- [EXERCISE] Please write out exactly the lines from the one with "Romana II Gray" through the end of the data below, both ends included, and omit any pictures.

───── DATA IN THIS EXERCISE ─────

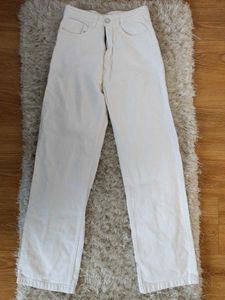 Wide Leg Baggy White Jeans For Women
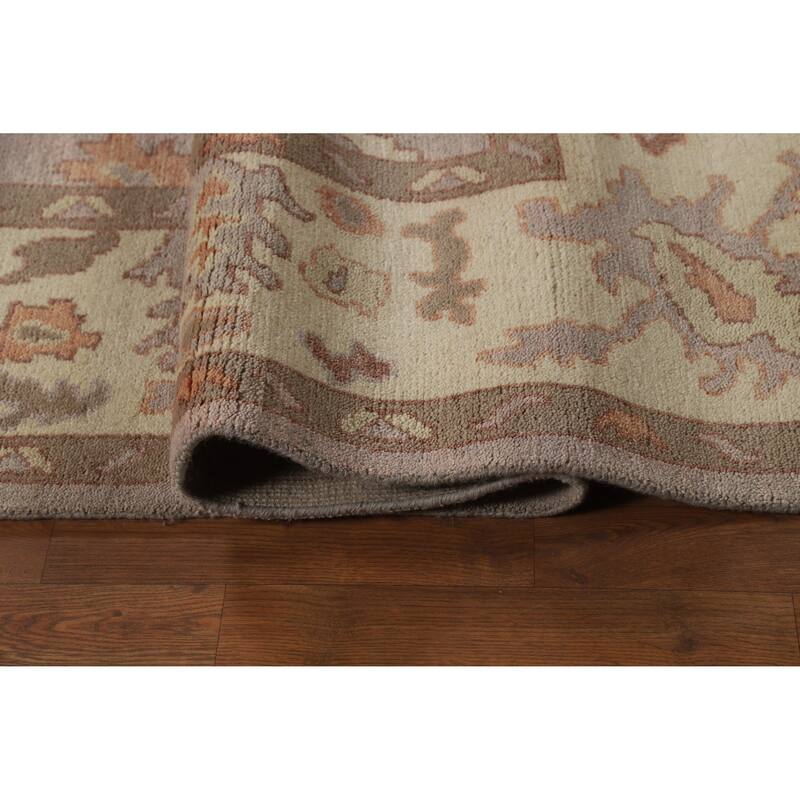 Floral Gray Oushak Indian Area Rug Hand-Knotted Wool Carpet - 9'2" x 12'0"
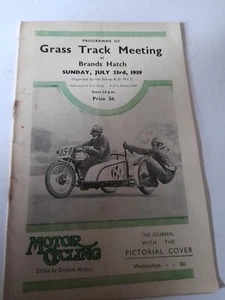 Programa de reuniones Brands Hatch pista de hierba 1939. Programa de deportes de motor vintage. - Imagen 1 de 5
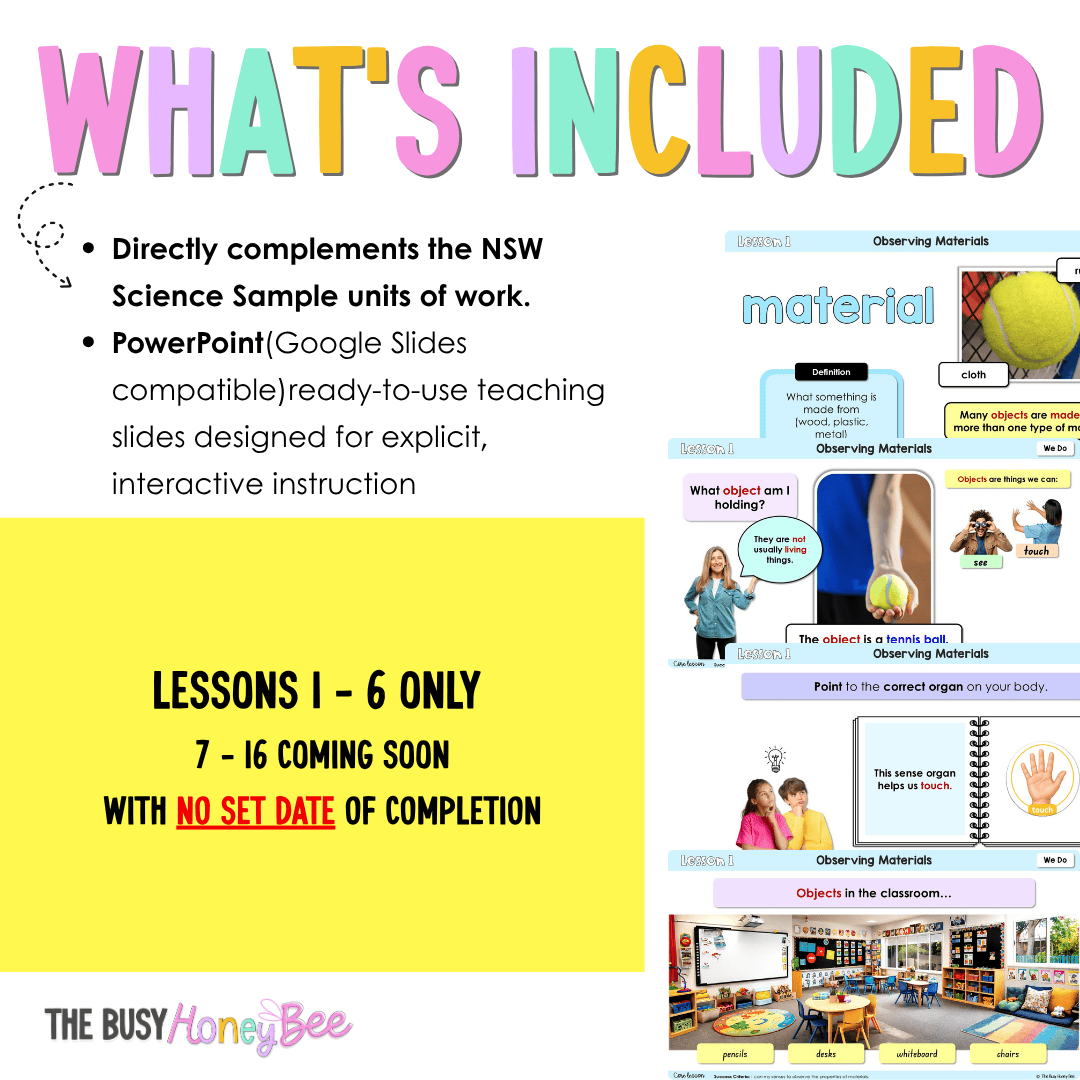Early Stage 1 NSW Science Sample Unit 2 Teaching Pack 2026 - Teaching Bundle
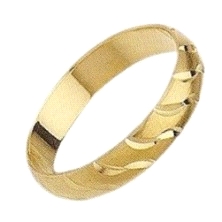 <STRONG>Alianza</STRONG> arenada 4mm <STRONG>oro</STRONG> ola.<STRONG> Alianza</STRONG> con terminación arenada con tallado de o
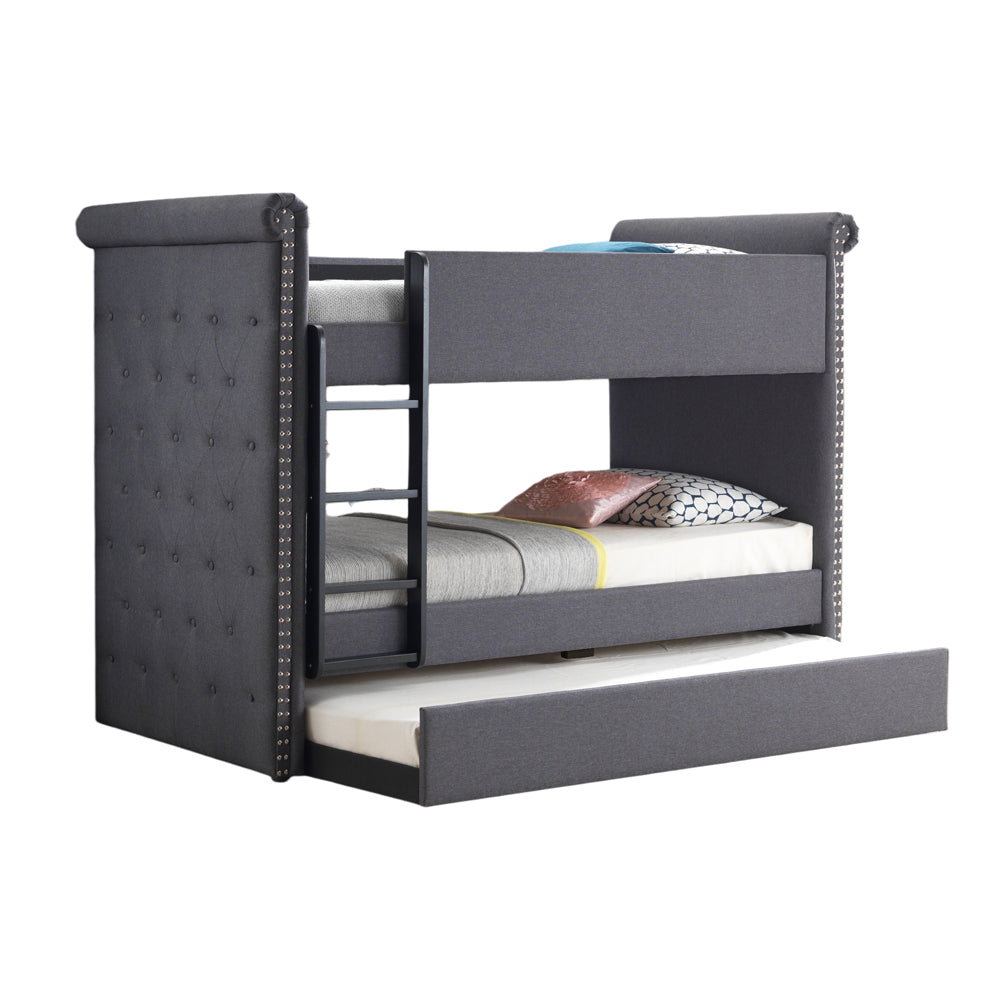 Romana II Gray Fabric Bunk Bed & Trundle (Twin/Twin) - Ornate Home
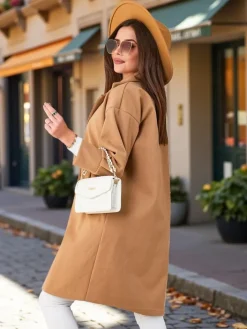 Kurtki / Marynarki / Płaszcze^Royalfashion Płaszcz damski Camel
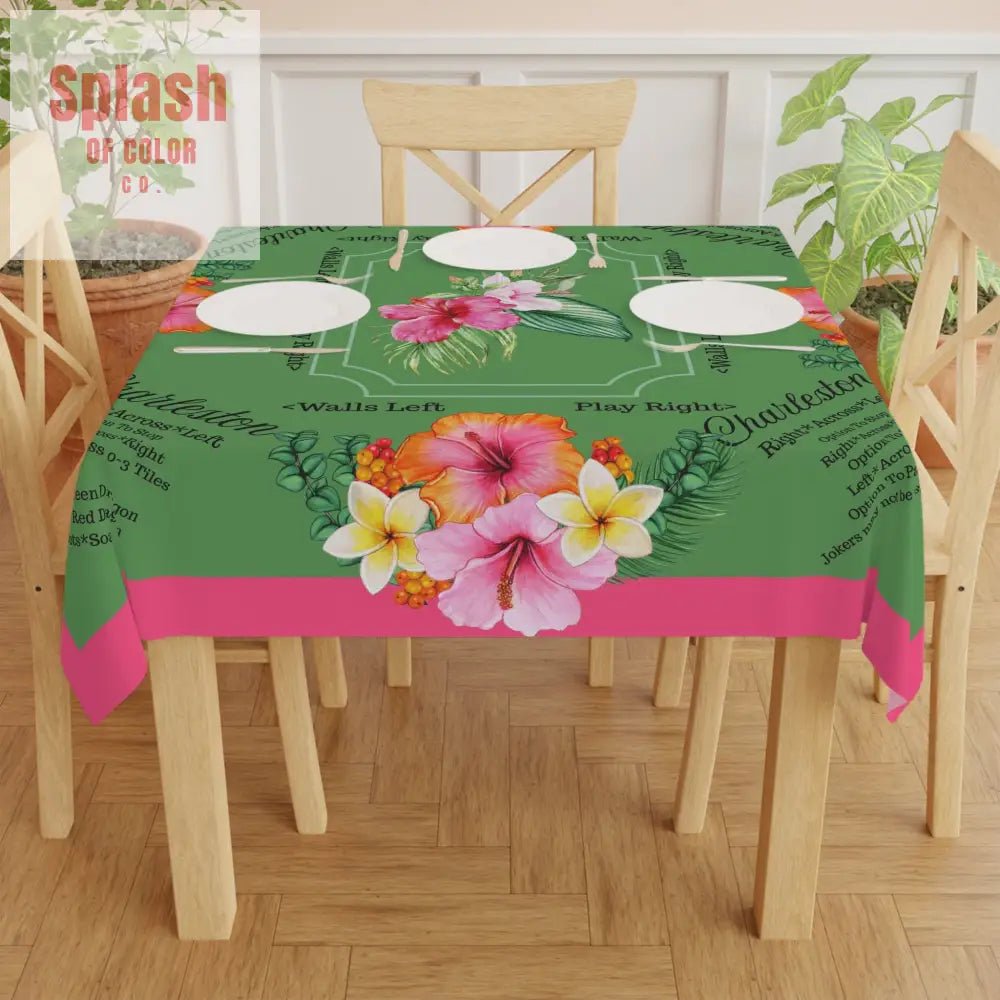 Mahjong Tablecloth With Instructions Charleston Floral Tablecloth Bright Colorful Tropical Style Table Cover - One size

─────

- [SOLUTION]
 Romana II Gray Fabric Bunk Bed & Trundle (Twin/Twin) - Ornate Home
 Kurtki / Marynarki / Płaszcze^Royalfashion Płaszcz damski Camel
 Mahjong Tablecloth With Instructions Charleston Floral Tablecloth Bright Colorful Tropical Style Table Cover - One size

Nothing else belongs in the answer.